The Business Times

Gold surges on haven demand as Greece risks exit from eurozone

Published Mon, Jun 29, 2015 · 12:17 AM

[ATHENS] Gold surged with silver as Greece shut banks and imposed capital controls, boosting demand for haven assets amid concern the country's euro membership is in jeopardy.

Bullion for immediate delivery rallied as much as 1.1 per cent to US$1,188.23 an ounce and was at US$1,184.02 at 7:30 am in Singapore, according to Bloomberg generic pricing. Gold for August delivery jumped 1.2 per cent to US$1,187.60 on the Comex.

The euro sank against the US dollar after Greece's government moved the nation a step closer to leaving the currency bloc. Optimism that Greece and its creditors would reach a deal vanished after midnight Friday, when Prime Minister Alexis Tsipras surprised counterparts by calling for a July 5 referendum on austerity measures demanded by creditors. Tuesday marks the expiry of Greece's bailout package as well as the deadline for a payment to the International Monetary Fund.
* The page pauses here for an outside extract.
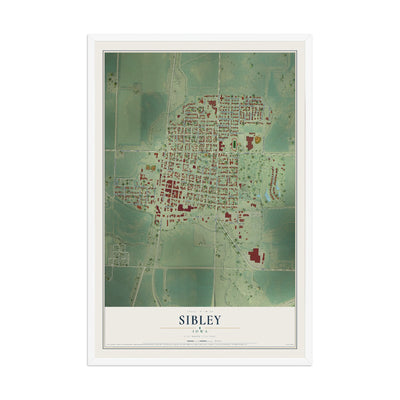 Map of Sibley, Iowa, 12 x 18 inch print in a white wood frame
"The main worry as Monday trading begins is the potential contagion to other eurozone countries and also the future of the euro," Ole Hansen, head of commodity strategy at Copenhagen-based Saxo Bank A/S, said in an e-mail before the start of trade on Monday. "Gold has an opportunity under these circumstances to reassert its role as a safe haven and we should see the metal being bought." European officials discussed quarantining Greece from the rest of the currency bloc, while keeping it from spinning out of the euro's orbit. While the country accounts for less than 2 per cent of the eurozone's output, its exit would set a precedent for other nations to reconsider membership.

Gold is little changed this year as traders focus on when the US Federal Reserve's first interest-rate increase since 2006 will happen. Higher borrowing costs curb bullion's allure because it doesn't pay interest or give returns like other assets such as bonds and equities.

The euro tumbled 1.6 per cent to US$1.0987. The Bloomberg Dollar Spot Index, which tracks the US currency against 10 major peers, climbed 0.5 per cent.

The "upside in gold will be damped by a higher dollar," Georgette Boele, a strategist at ABN Amro Bank NV in Amsterdam, said by e-mail on Friday. "We are optimistic on the US economy and therefore on rate hikes." Silver for immediate delivery climbed as much as 1.7 per cent to US$16.0741 an ounce, and was at US$15.9635. Platinum and palladium fell.